Contaminated water and soil at active or abandoned munitions plants is a serious problem since these compounds pose risks to human health and can be toxic to aquatic and terrestrial life. Our objective was to determine if zero-valent iron (Fe(0)) could be used to promote remediation of water and soil contaminated with 2,4,6-trinitrotoluene (TNT) and hexahydro-1,3,5-trinitro-1,3,5-triazine (RDX). As little as 1% Fe(0) (w/v) removed 70 mg TNT litre(-1) from aqueous solution within 8 h and removed 32 mg RDX litre(-1) within 96 h. Treating slurries (1:5 soil:water) of highly contaminated soil (5200 mg TNT and 6400 mg RDX kg(-1) soil) from the former Nebraska Ordnance Plant (NOP) with 10% Fe(0) (w/w soil) reduced CH(3)CN-extractable TNT and RDX concentrations below USEPA remediation goals (17.2 mg TNT and 5.8 mg RDX kg(-1)). Sequential treatment of a TNT-contaminated solution (70 mg TNT litre(-1) spiked with (14)C-TNT) with Fe(0) (5% w/v) followed by H(2)O(2) (1% v/v) completely destroyed TNT and removed about 94% of the (14)C from solution, 48% of which was mineralized to (14)CO(2) within 8 h. Fe(0)-treated TNT also was more susceptible to biological mineralization. Our observations indicate that Fe(0) alone, Fe(0) followed by H(2)O(2), or Fe(0) in combination with biotic treatment can be used for effective remediation of munitions-contaminated water and soil.

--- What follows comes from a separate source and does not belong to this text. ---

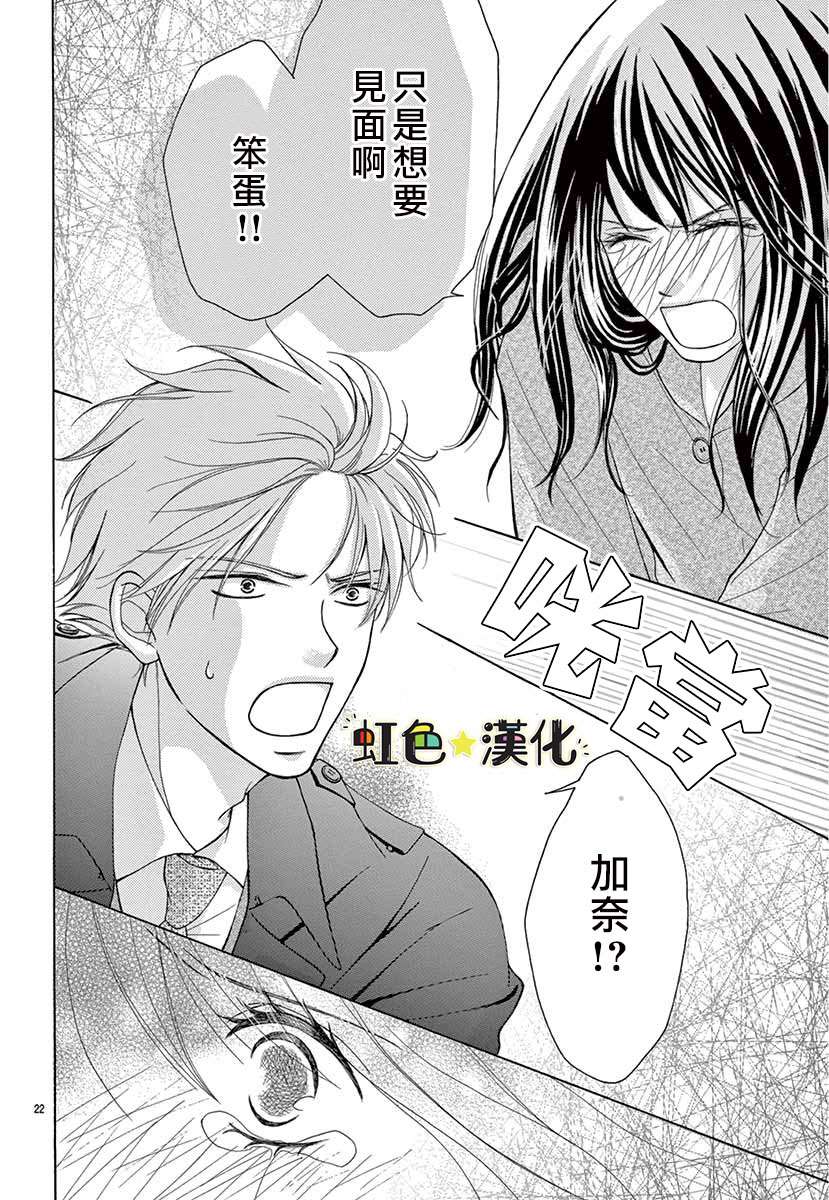 《赠予你的甜蜜黑暗》漫画最新章节第1话免费下拉式在线观看章节第【22】张图片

TNT and 4-amino-2,6-dinitrotoluene influence on germination and early seedling development of tall fescue.

Cost-effective and environmentally acceptable methods are needed to remediate munitions-contaminated soil. Some perennial grass species are tolerant of soil contaminants and may promote remediation because of their high water use and extensive fibrous root systems. The effects of 2,4,6-trinitrotoluene (TNT) and its reduction product, 4-amino-2,6-dinitrotoluene (4ADNT), on germination and early seedling development of tall fescue (Festuca arundinacea Schreb.) were determined. Tall fescue seeds were germinated in nutrient-free agar containing 0-60 mg TNT litre(-1) or 0-15 mg 4ADNT litre(-1). Germination decreased linearly as TNT concentration increased but was not significantly affected by 4ADNT at these concentrations. Concentrations less than 30 mg TNT litre(-1) or 7.5 mg 4ADNT litre(-1) had little effect on seedling growth and development. Higher TNT or 4ADNT concentrations substantially delayed seedling development, caused abnormal radicle tissue development, and reduced secondary root and shoot growth. Seedling respiration rates decreased linearly with increasing TNT concentration. Experiments indicate that tall fescue may be grown in soils that maintain soil solution concentrations of 30 mg TNT litre(-1) or less.